What this task involves
Take the lines below between the one holding "黄金裁决值得合成吗?揭秘隐藏属性与2026实战数据 黄金" and the one holding "comfy v neck", inclusive, and copy them exactly. Add nothing.

Records for the exercise
■ ■ ■ ■

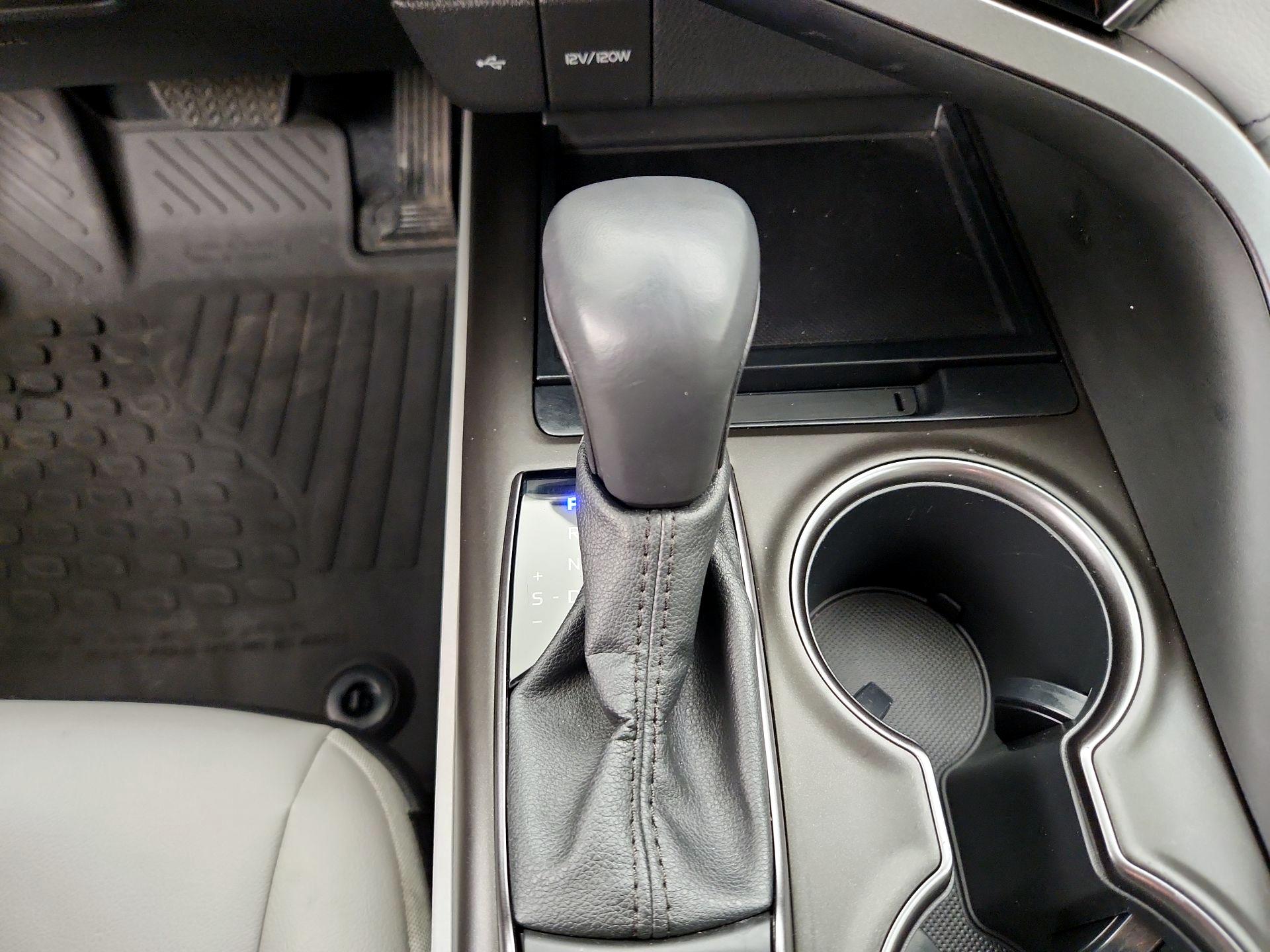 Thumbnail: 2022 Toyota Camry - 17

■ ■ ■ ■

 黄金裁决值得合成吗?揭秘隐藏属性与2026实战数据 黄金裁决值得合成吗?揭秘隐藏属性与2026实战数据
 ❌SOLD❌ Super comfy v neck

■ ■ ■ ■

Solution to the exercise
 黄金裁决值得合成吗?揭秘隐藏属性与2026实战数据 黄金裁决值得合成吗?揭秘隐藏属性与2026实战数据
 ❌SOLD❌ Super comfy v neck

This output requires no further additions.